§ YOUR ASSIGNMENT:
Give again, word for word, each line of the data from the first through the one containing "Simson Schwalbe KR51/1". Pictures stay out.

§ DATA:
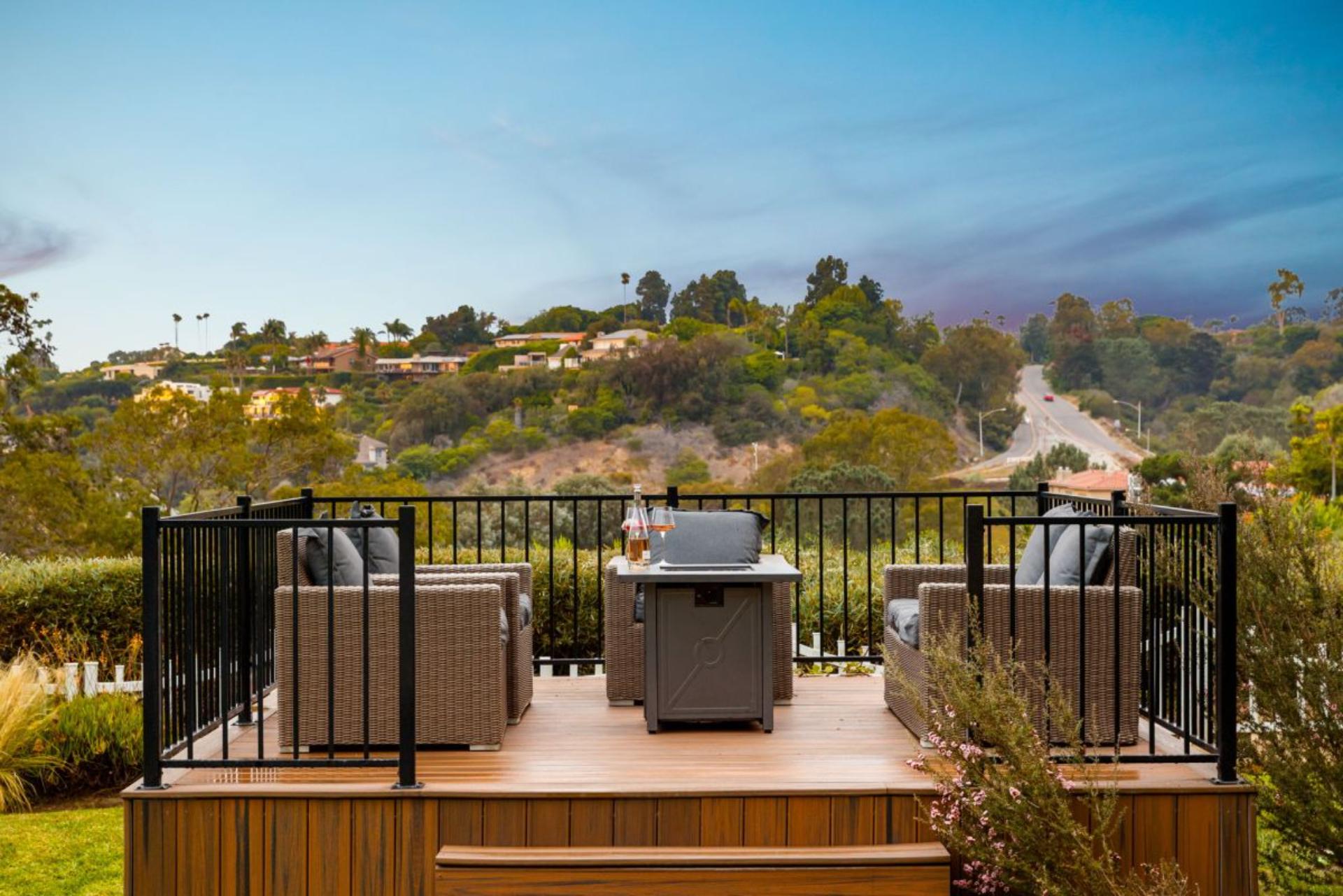 Ocean View Retreat  gallery image 5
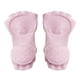 thumbnail image 1 of Calcetines de Yoga para Mujer Antideslizante Suela Grip Trainer Liner - Toeless Rosa sin dedos M Baoblaze calcetines de yoga mujeres, 1 of 8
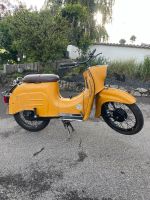 Simson Schwalbe KR51/1 Baden-Württemberg - Wangen im Allgäu Vorschau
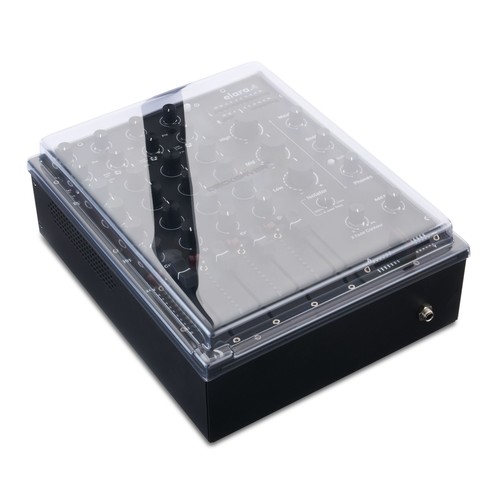 Decksaver union audio - decksaver,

§ RESPONSE BELOW:
 Ocean View Retreat  gallery image 5
 thumbnail image 1 of Calcetines de Yoga para Mujer Antideslizante Suela Grip Trainer Liner - Toeless Rosa sin dedos M Baoblaze calcetines de yoga mujeres, 1 of 8
 Simson Schwalbe KR51/1 Baden-Württemberg - Wangen im Allgäu Vorschau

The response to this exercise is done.